The Seven Beauties, Don Quixote Suite et al
Bournemouth Symphony Orchestra, Kirill Karabits
Kara (or Gara) Karayev (1918-1982) was an Azerbaijani composer, teacher and folklore authority, described as an “artistic dynamo”. The fact that the notorious musical apparatchik Tikhon Khrennikov delivered an encomium in his memory reinforces Karayev’s position as part of the Soviet musical establishment (or perhaps, party hack). I had to chuckle when I read “On the eve of Karayev’s centenary, Kirill Karabits and his Bournemouth forces survey some of his ‘best-known’ works.” Really? I doubt whether many people have even heard of him, let alone be able to name anything he wrote.
The programme contains the Persian-inspired orchestral suite, The Seven Beauties, based on the writings of an eighth-century Persian poet, and later expanded into a full-length ballet. There’s a single movement from the ballet The Path of Thunder, the Don Quixote Suite (drawing on music for a film), as well as the symphonic poem Leyla and Mejnun, after a poem which Byron called “the Romeo and Juliet of the East”.

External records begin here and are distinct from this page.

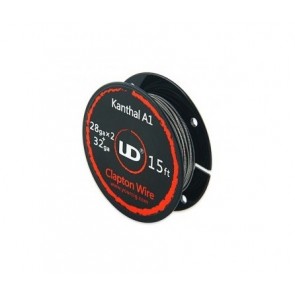 Clapton Wire Kanthal 28gaX2+32ga 5mt
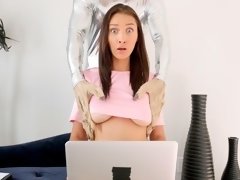 Anal, Cul, Sucer une bite, Brunette brune, Branlette thaïlandaise, Hard, Masturbation, Adolescente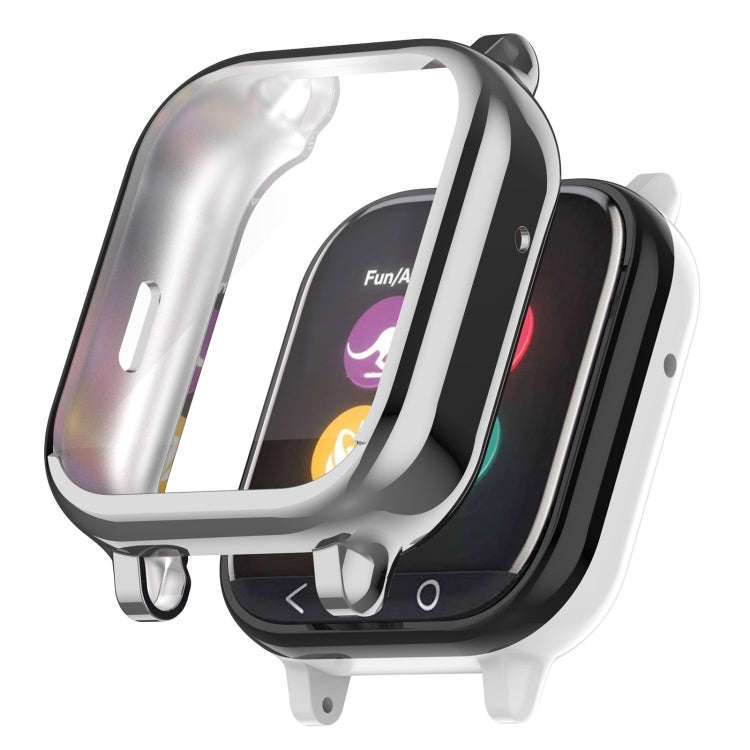 For Gizmo Watch 1 Series Children Watch Full Coverage TPU Electroplating Protective Watch Case(Si...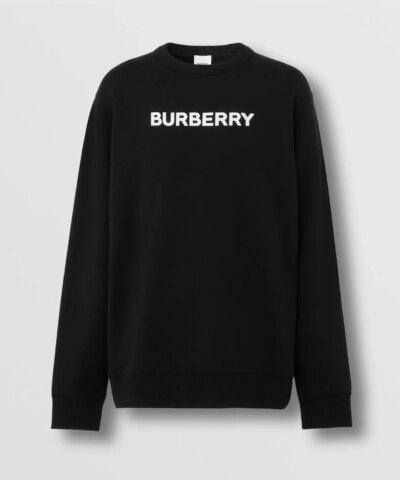 Burberry Men's Logo Print Cotton Sweatshirt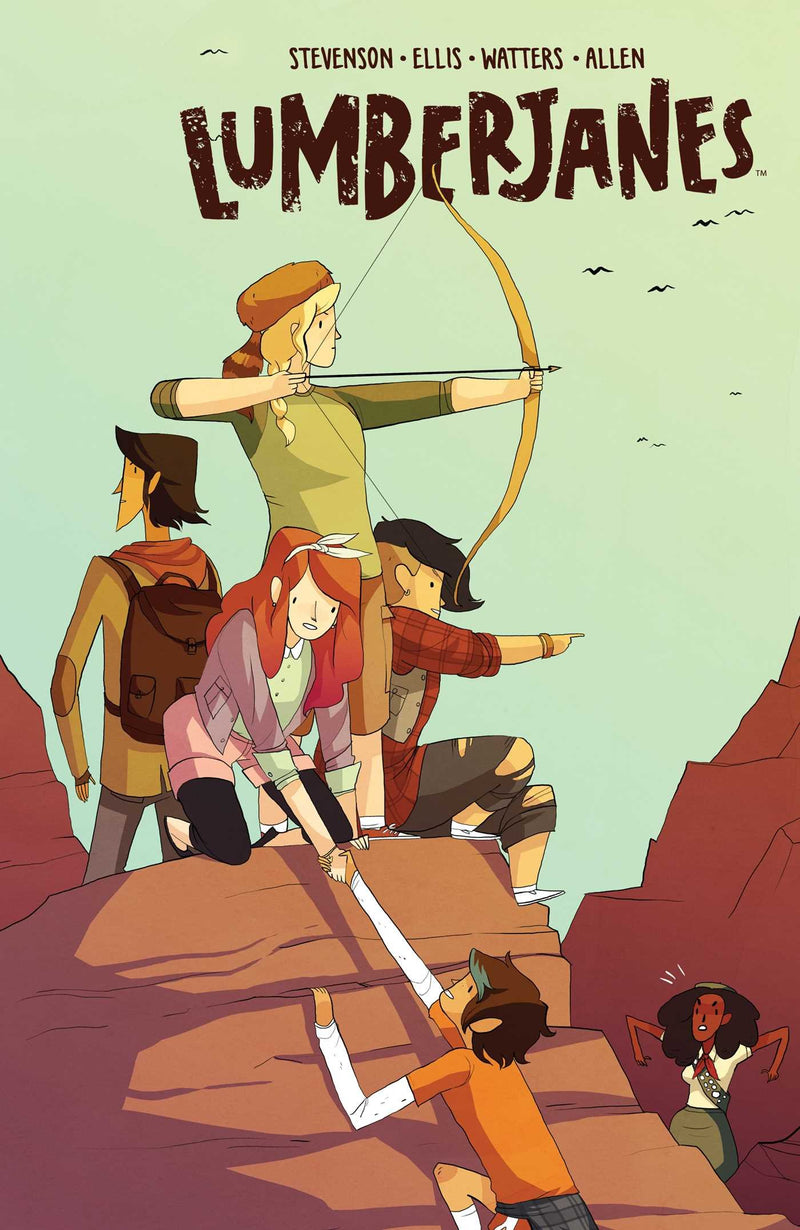 Lumberjanes Volume 2: Friendship to the Max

The music is well-orchestrated and intermittently colorful – with predictable suggestions of Khachaturian, especially in the grim sounding waltz which inaugurates The Seven Beauties and sounds like the latter’s waltz from his Masquerade Suite – but somehow manages to sound derivative of Glière, even Glazounov and Borodin (in Polovtsian Dances mode), not to mention Prokofiev and Miklós Rozsa (in Ben Hur mode). It is also simultaneously generic, in the approved Socialist Realism style (whatever that meant).
The Seven Beauties was composed in 1949, Don Quixote in 1960 (no more Iberian sounding than Strauss’s masterpiece) and the other work on the CD, The Path of Thunder – about racial prejudice in South Africa – in 1957. I can hardly believe music like this was still being churned out, even in the Soviet Union. It’s perfectly listenable and well played by forces, which have the necessary chops, but I can’t get excited about any of it.